What to work on — Would you please copy only the lines from the line that contains "People Character Holding" to the end of the data below, exactly, leaving every picture out?

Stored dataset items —
:::::
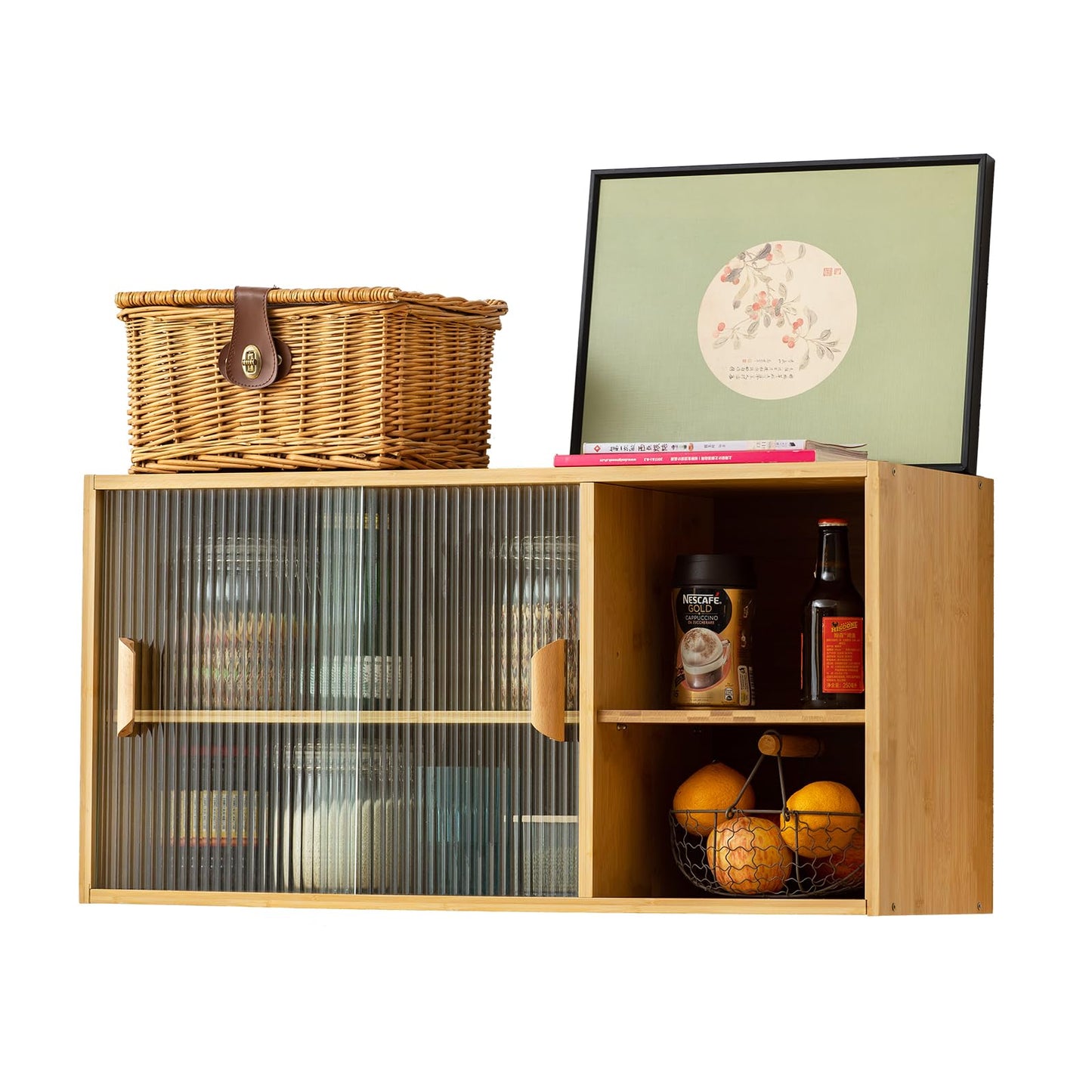 Tiita Small Kitchen Pantry Cabinet, Bamboo Wall Sideboard with Glass Doors, Cupboard Food Pantry Cabinet for Kitchen, Living Room and Dinning Bedroom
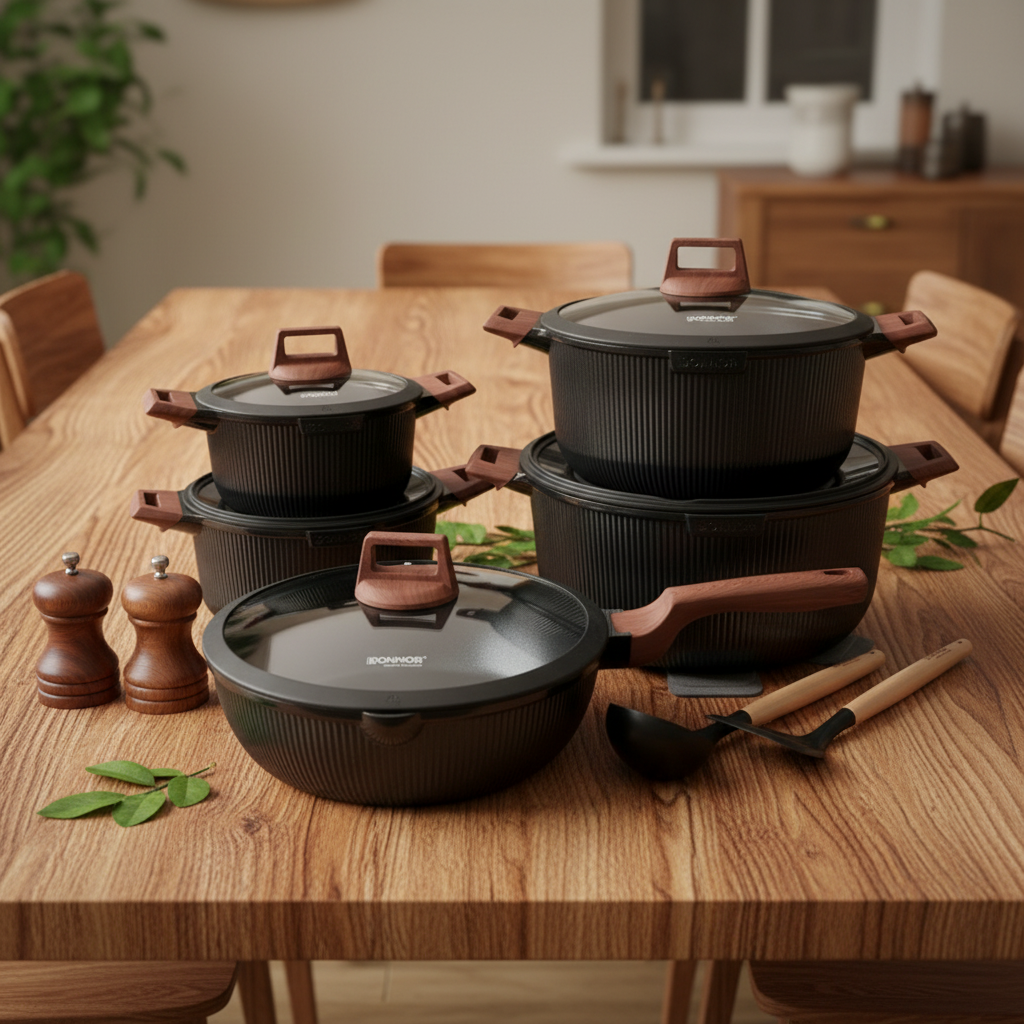 Professional Black Fluted Die Cast Aluminum Cookware Set 15pcs Induction Ready Non-Stick Ceramic Ribbed Pots And Pans For Chef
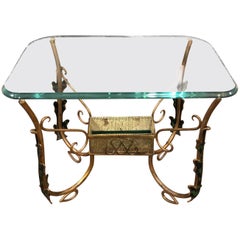 Pier Luigi Colli Mid-Century Modern Italian Brass and Glass Side Table, 1950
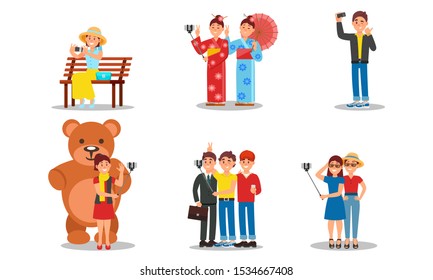 People Character Holding Selfie Stick Taking Photo In Places Vector Illustrations.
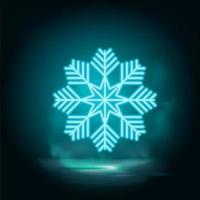 Snowflake neon vector icon Vector. Illustration of Snowflake on white background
:::::
Result of the exercise —
 People Character Holding Selfie Stick Taking Photo In Places Vector Illustrations.
 Snowflake neon vector icon Vector. Illustration of Snowflake on white background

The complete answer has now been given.